Para abordar y discutir este amplio tema, se partirá del
análisis de la flora ya que existe mayor información
que sobre casos de fauna, y porque el número de especies
de plantas introducidas a las diferentes comunidades naturales
es un orden de magnitud mayor al de los animales introducidos
(Macdonald et al., 1989). Otra razón para esto es que las
restauraciones de ecosistemas se basan en el restablecimiento
de una cobertura vegetal compuesta por individuos de especies
nativas que resistan y mejoren las condiciones del área
perturbada y posteriormente propicie el regreso de la fauna nativa
que haya emigrado o muerto previamente.
El transporte de especies vegetales utilizadas por el hombre hacia
zonas fuera de su distribución natural se ha incrementado
con el mejoramiento de las comunicaciones entre las diferentes
regiones del mundo (Harper, 1977). Este fenómeno de dispersión
artificial, así como algunos de sus efectos básicos,
han sido observados y documentados desde el siglo XIX (Darwin,
1859, en Harper, 1977).
En América, así como en otras partes del mundo,
las invasiones humanas provenientes principalmente de Europa,
estuvieron acompañadas por especies comestibles y ornamentales
domesticadas en ese continente (Heywood, 1989). A su vez, muchas
de las especies que en el continente europeo eran utilizadas para
diversos fines provenían de Asia o de África. Ejemplos
de ello son los cítricos, los cerdos y las gallinas, originarias
de Asia; el café y la sávila de África. Esto
ha dado como consecuencia que se encuentre una gran cantidad de
especies nativas de Europa mediterránea en Norteamérica
y Australia (Harper, 1977). Existen varios ejemplos de esto: en
Nueva Zelanda, más de un tercio de la flora está
compuesta por especies introducidas por los invasores europeos
(Good, 1974, en Harper, 1977); en Sudamérica también
existe una gran cantidad de flora de origen europeo que actualmente
cubre miles de kilómetros cuadrados en regiones como los
llanos de La Plata, Argentina (Darwin, 1859, en Harper, 1977).

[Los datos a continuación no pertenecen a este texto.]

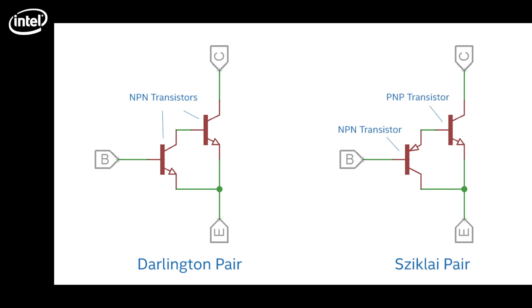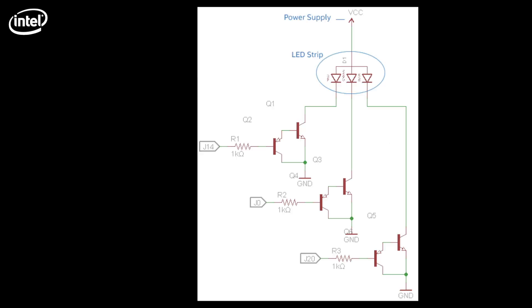So instead, we are using a Sziklai pair with an NPN transistor and a PNP transistor. So this is the whole wireframe. The LED strip is represented by the common cathode RGB LED.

Por otro lado aunque en algunos casos el porcentaje de especies
de plantas introducidas en una comunidad no sea muy alto, su abundancia
o dominancia sí lo es: por ejemplo, en el Parque Nacional
Channel Islands, a 70 km de la costa californiana de EE.UU., 23%
de las plantas estudiadas fueron introducidas, pero la cobertura
que ocupan en conjunto llega al 70% (Loope et al., 1988). Otro
ejemplo, se encuentra en los bordes del matorral xerófilo
de la Reserva Ecológica El Pedregal de San Ángel,
en la Ciudad de México, donde las copas de los árboles
de una sola especie introducida en el área, Eucalyptus
aff. resinifera, representa alrededor del 20% de las especies
introducidas, pero al proyectarse verticalmente hasta el suelo
cubren en promedio 75% de las áreas donde se encuentran
(Segura-Burciaga, 1995).
La
naturalización de especies
Existen
muchos casos de introducciones de especies vegetales en los que
una población se naturaliza, es decir, se integra a la
comunidad y al funcionamiento natural del ecosistema al que fue
introducida. Esto puede darse por interacción con especies
animales nativas (por ejemplo, que sirvan de alimento a especies
generalistas), por reproducirse en forma silvestre, porque no
causan cambios notables en las propiedades emergentes de la comunidad
vegetal (composición, estructura o fisonomía) o
por que no alteren notoriamente el funcionamiento natural de un
ecosistema. Un ejemplo es la especie Cotoneaster pannosa, que
se ha citado como nativa del suroeste de China (Rzedowski y Calderón
de Rzedowski, 2001) y se le encuentra en forma silvestre y en
una densidad similar a la de otros arbustos en bosques de encinos
de la Cuenca de México.
El tiempo dificulta la distinción entre las especies nativas
de las no nativas, ya que cuanto más antigua sea la llegada
de la especie alóctona (de origen ajeno al ecosistema),
mayor será su oportunidad de naturalizarse y confundirse
con las especies autóctonas (originarias del ecosistema),
al formar poblaciones silvestres debido a que se disperse por
anemocoria (viento) o por zoocoria (por animales). En este último
caso, cuando se trate de endozoocoria se trataría de una
naturalización ya que si este hecho es frecuente y estable,
formaría una interacción con alguna o varias especies
nativas. Esto ocurrió en la Cuenca de México, donde
en el siglo XVI se introdujo la especie Schinus molle, proveniente
del Perú (por lo cual los nativos lo llamaron “Árbol
del pirú”) (Alzate y Ramírez, 1791) cuyos
frutos han sido ingeridos por aves nativas, como Bombycilla cedrorum
(chinito) y Turdus migratorius (primaveras) entre otras, las cuales
han dispersado ampliamente sus semillas por el centro del país
(Corkidi et al., 1991).
Con base en estudios de varios casos, se calcula que después
de alrededor de 1,000 años a partir de la llegada de una
especie nueva a una comunidad en la que no había estado
antes, es prácticamente indistinguible de las originadas
en esa región (Usher, 1988). Por razones como ésta,
casi en todas las comunidades vegetales existen especies cuyo
origen no se ha podido determinar y a las cuales se les denomina
“criptogénicas” (Carlton, 1996).
Las invasiones vegetales
A
diferencia de la naturalización, algunas especies pueden
invadir y llegar a desplazar o excluir competitivamente a algunas
especies nativas (Begon et al., 1986) y obstaculizar o eliminar
su reclutamiento para posteriormente convertirse en dominantes
en la comunidad causando cambios notables a todos los niveles
(Vitousek, 1986; Macdonald et al., 1989). Al nivel de comunidad,
los cambios pueden presentarse en términos de fisonomía,
estructura, composición y distribución de las especies.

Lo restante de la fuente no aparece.